71. No creo necesario dedicar muchas palabras a este punto. Visto que el propio Gobierno francés reconoce que no todos los planes de gestión de residuos ya elaborados contienen un capítulo específico relativo a los residuos de envases y teniendo en cuenta lo dicho a propósito de la expresión «tan pronto como sea posible» (véanse los apartados 33 a 39), considero también fundada la tercera de las imputaciones de la Comisión.

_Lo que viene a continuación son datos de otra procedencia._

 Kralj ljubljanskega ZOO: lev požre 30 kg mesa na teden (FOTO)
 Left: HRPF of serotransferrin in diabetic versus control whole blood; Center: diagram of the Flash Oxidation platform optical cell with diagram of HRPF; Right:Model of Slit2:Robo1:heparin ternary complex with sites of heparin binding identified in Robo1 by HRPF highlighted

72. En conclusión, propongo declarar que la República Francesa ha incumplido las obligaciones que le incumben en virtud de las correspondientes Directivas comunitarias al no haber elaborado planes de gestión de residuos ni para la totalidad de su territorio, ni para la totalidad de los residuos, y al no haber incluido en todos los planes de gestión ya aprobados un capítulo específico relativo a los residuos de envases.
IV. Sobre las costas
73. Conforme a lo dispuesto en el artículo 69, apartado 2, del Reglamento de Procedimiento, la parte que pierda el proceso será condenada en costas si así lo hubiera solicitado la otra parte. Puesto que la Comisión así lo ha solicitado y habida cuenta de lo dicho acerca del resultado del recurso, considero que dicha solicitud debe ser acogida.
V. Conclusión
74. A la luz de las consideraciones que preceden propongo, por tanto, al Tribunal de Justicia que declare que:
1) La República Francesa ha incumplido las obligaciones que le incumben en virtud del artículo 7, apartado 1, de la Directiva 75/442/CEE del Consejo, de 15 de julio de 1975, relativa a los residuos (en su versión modificada por la Directiva 91/156/CEE del Consejo, de 18 de marzo de 1991), del artículo 6, apartado 1, de la Directiva 91/689/CEE del Consejo, de 12 de diciembre de 1991, relativa a los residuos peligrosos, y del artículo 14 de la Directiva 94/62/CE del Parlamento y del Consejo, de 20 de diciembre de 1994, relativa a los envases y a los residuos de envases al no haber elaborado planes de gestión de residuos ni para la totalidad de su territorio, ni para la totalidad de los residuos, y al no haber incluido en todos los planes de gestión ya aprobados un capítulo específico relativo a los residuos de envases.
2) Se condena en costas a la República Francesa.